Eller’s liability is not at issue; that was settled years ago. The amount of damages also is not questioned. I, therefore, would remand to the district court with the instruc*1380tion that judgment be entered on behalf of Hiram Walker and against Eller for the complete injury suffered without regard to the $500 COGSA limitation.

. I believe the issue we must examine on appeal (when legal delivery took place) to be broader than that presented in the majority opinion (whether the district court was clearly erroneous in finding that the delivery receipt was issued inadvertently). See Ante maj. opinion at 1374. Accordingly, I believe our standard of review to be de novo as the determination of legal delivery is a question of law (or, at the least, a mixed question of law and fact), not a question of fact subject to a clearly erroneous standard.

. The district court's amended findings of fact and conclusions of law, entered after our remand in HW II, belie its continued treatment of change of custody and legal delivery as interchangeable: “As long as the Tia Maria remained in Tank # 24, it had not been delivered to Hiram Walker's agent, Indian River.” Amended Conclusion of Law No. 8. It is the district court's mistaken equivalence of these concepts that mandates appellate de novo review.

. In Bonner v. City of Prichard, 661 F.2d 1206, 1209 (11th Cir.1981) (en banc), this court adopted as binding precedent decisions of the former Fifth Circuit handed down prior to October 1, 1981.

. The Harter Act defines the duty of care from the time goods are discharged from the ship until they are delivered to the consignee. See Allstate Ins. Co. v. Imparca Lines, 646 F.2d 166, 168 (5th Cir. Unit B May 1981).

. We have accepted the findings of fact in the district court's first opinion on remand as not clearly erroneous. HW II, 963 F.2d at 330.
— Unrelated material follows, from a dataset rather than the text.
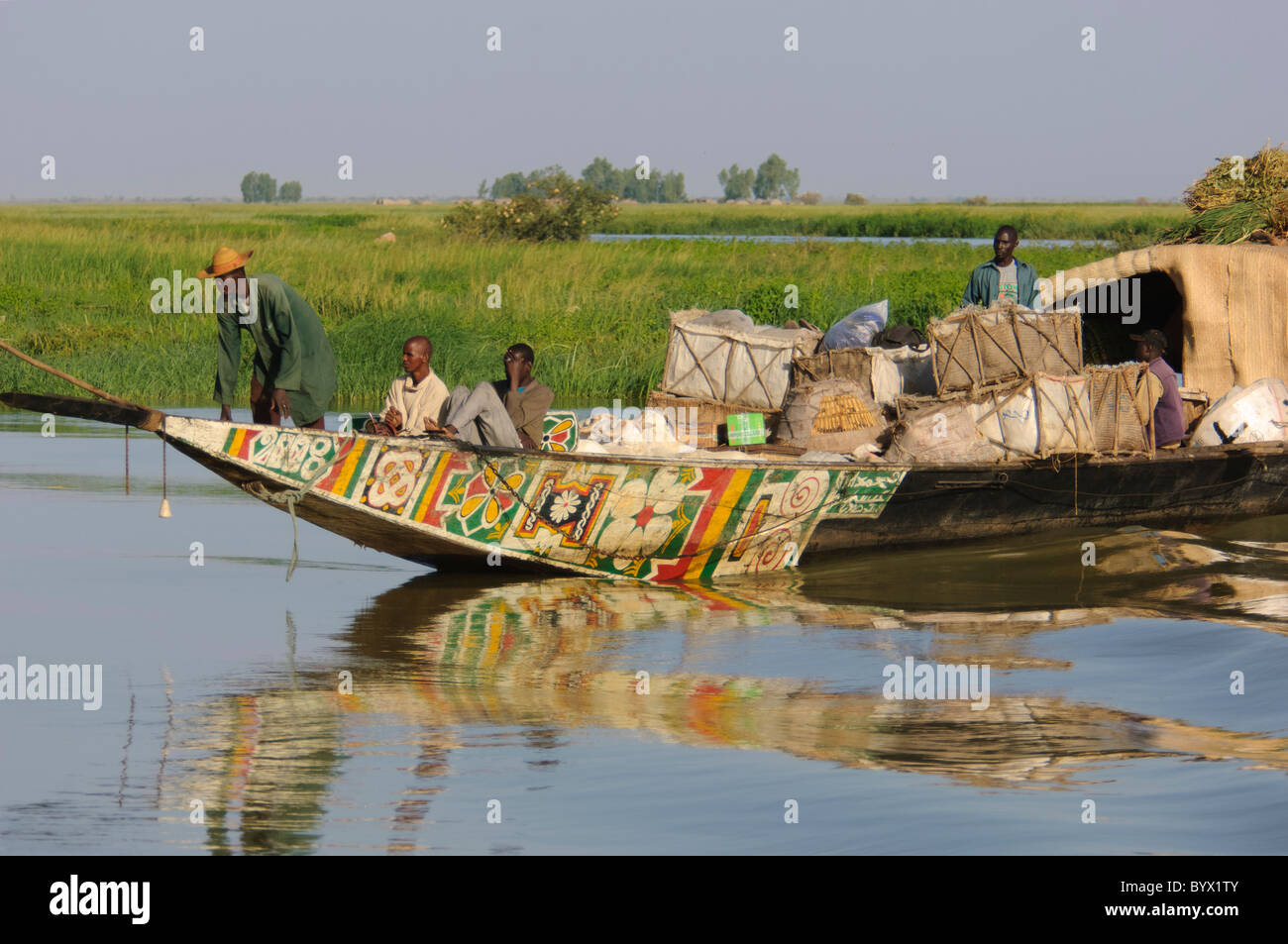 Passagiere und Steuermann sitzt auf der Vorderseite eine Transport-Pinasse, kreuzen die Niger-Binnendelta. Mali. Stockfoto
.Delivery receipts, the district court correctly concluded, typically were issued only after physical delivery, regardless of the means of transfer (pump or gravity). Thus, in the case of a pump transfer, although physical delivery of the liqueur and the issuance of the delivery receipt were closely conjoined, there was no nexus between the legal delivery of the Tia Maria and issuance of the delivery receipt. Eller has not demonstrated — and the district court has not found— that the delivery receipt is of any greater probative value in determining the point of legal delivery for gravity transfers either.